● Data excerpts:
§ §

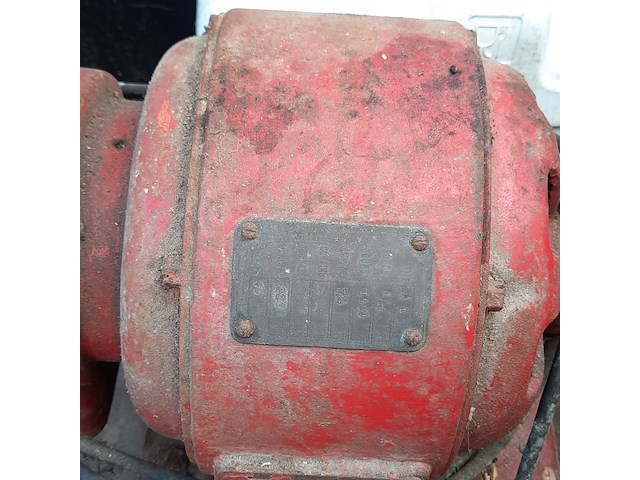 Hefgedragen transportbak met inhoud - afbeelding 2 van  11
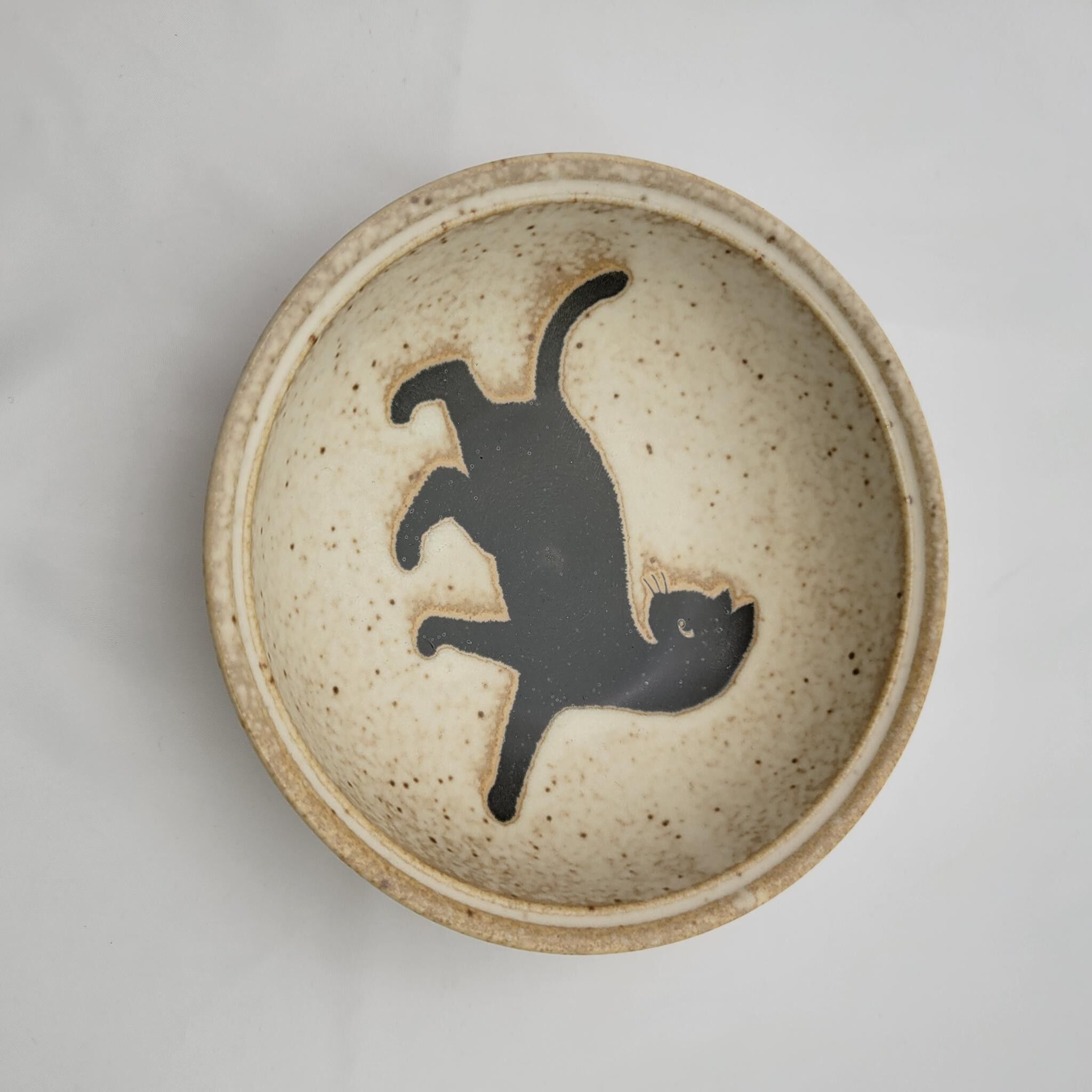 Japanische Keramikschale - Schwarzes Katzenmotiv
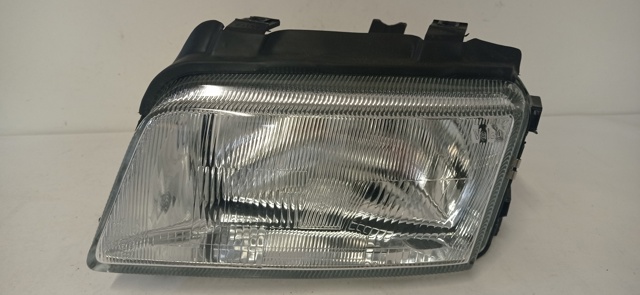 8D0941029 VAG Faro izquierdo  en stock Córdoba
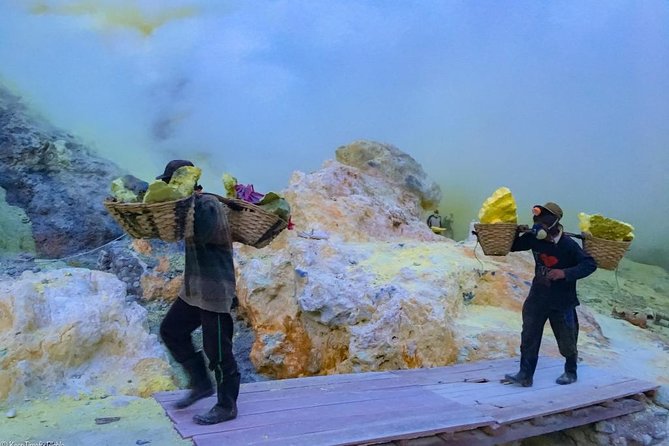 Kawah Ijen Midnight Tour (1 Day) - Why the blue flame is worth a midnight start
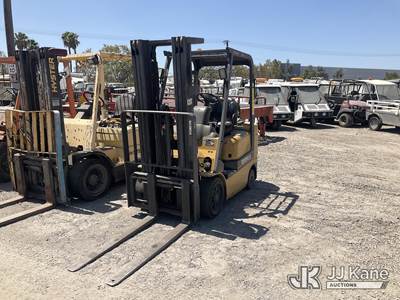 Caterpillar GC25K Solid Tired Forklift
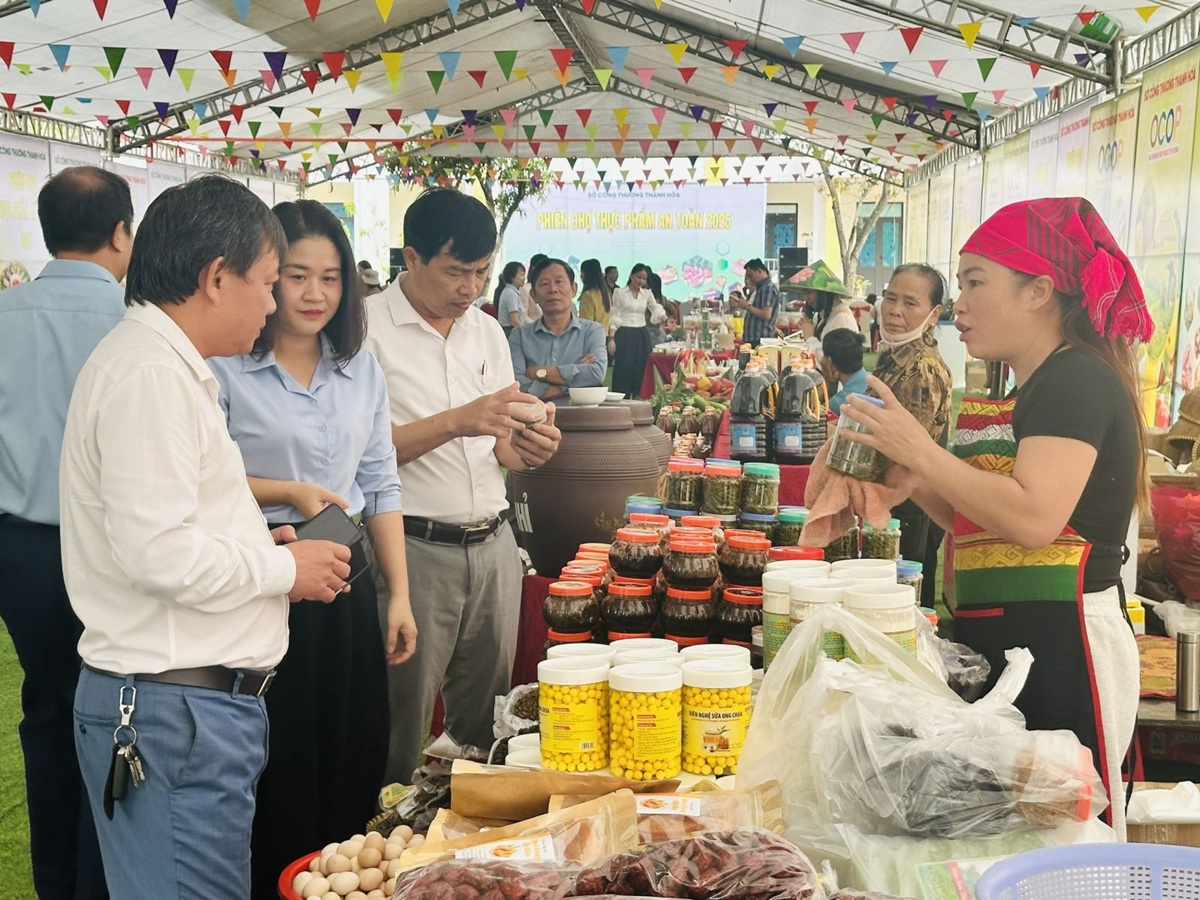 Thanh Hóa khai mạc Phiên chợ thực phẩm an toàn 2025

§ §

● What the task asks: Repeat each line of the records above exactly, but do not copy the pictures.

● Exercise response:
 Hefgedragen transportbak met inhoud - afbeelding 2 van  11
 Japanische Keramikschale - Schwarzes Katzenmotiv
 8D0941029 VAG Faro izquierdo  en stock Córdoba
 Kawah Ijen Midnight Tour (1 Day) - Why the blue flame is worth a midnight start
 Caterpillar GC25K Solid Tired Forklift
 Thanh Hóa khai mạc Phiên chợ thực phẩm an toàn 2025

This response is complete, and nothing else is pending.